* **PROBLEM STATEMENT**
Pictures should be left out when the listing below is repeated word for word.
━━━ COLLECTED MATERIAL ━━━
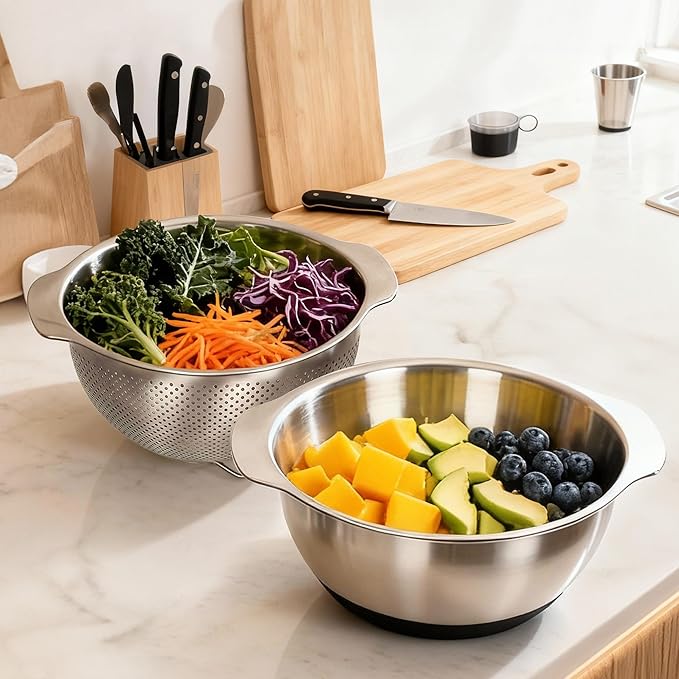 304 Stainless Steel Colander, 5 QT Large Capacity and 5QT Mixing Bowl, 2mm Micropore Strainer for Washing Rice, Fruit, and Veggies, Perfect Draining for Cooked Pasta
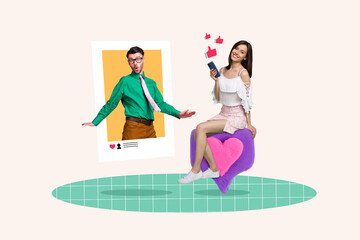 Image collage picture of two happy people chatting social media love story romantic relationship isolated on drawing background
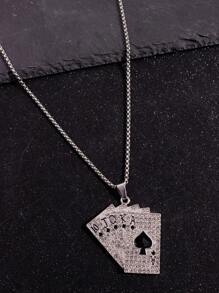 1 pieza Collar colgante de naipe de póker de estilo punk rock plateado, diseño versátil para uso casual y para ir al trabajo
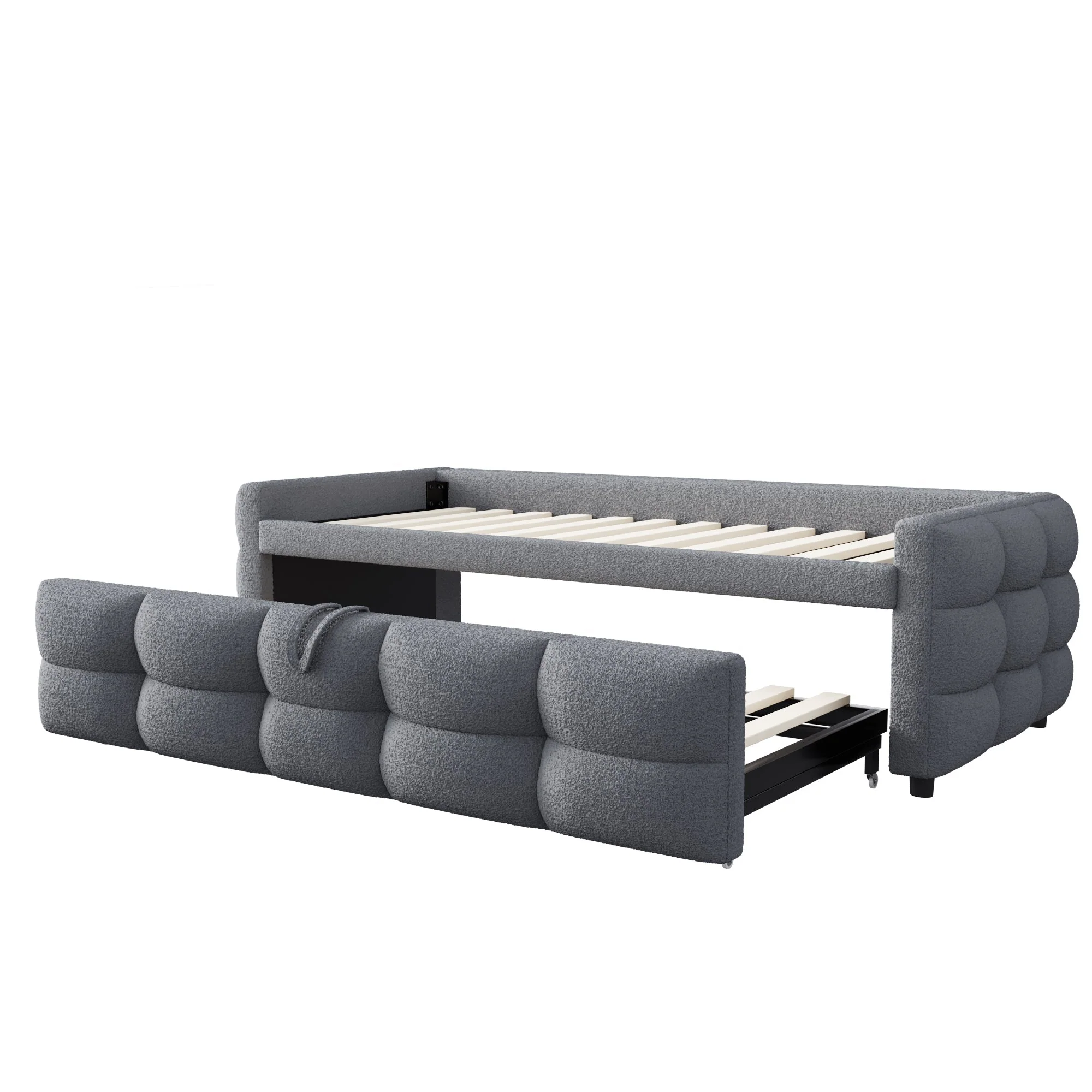 Extendable Upholstered Sofa Bed with Slatted Base and Teddy Velvet Fabric, Grey - Image 10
━━━
* **ANSWER FOR THIS EXERCISE**
 304 Stainless Steel Colander, 5 QT Large Capacity and 5QT Mixing Bowl, 2mm Micropore Strainer for Washing Rice, Fruit, and Veggies, Perfect Draining for Cooked Pasta
 Image collage picture of two happy people chatting social media love story romantic relationship isolated on drawing background
 1 pieza Collar colgante de naipe de póker de estilo punk rock plateado, diseño versátil para uso casual y para ir al trabajo
 Extendable Upholstered Sofa Bed with Slatted Base and Teddy Velvet Fabric, Grey - Image 10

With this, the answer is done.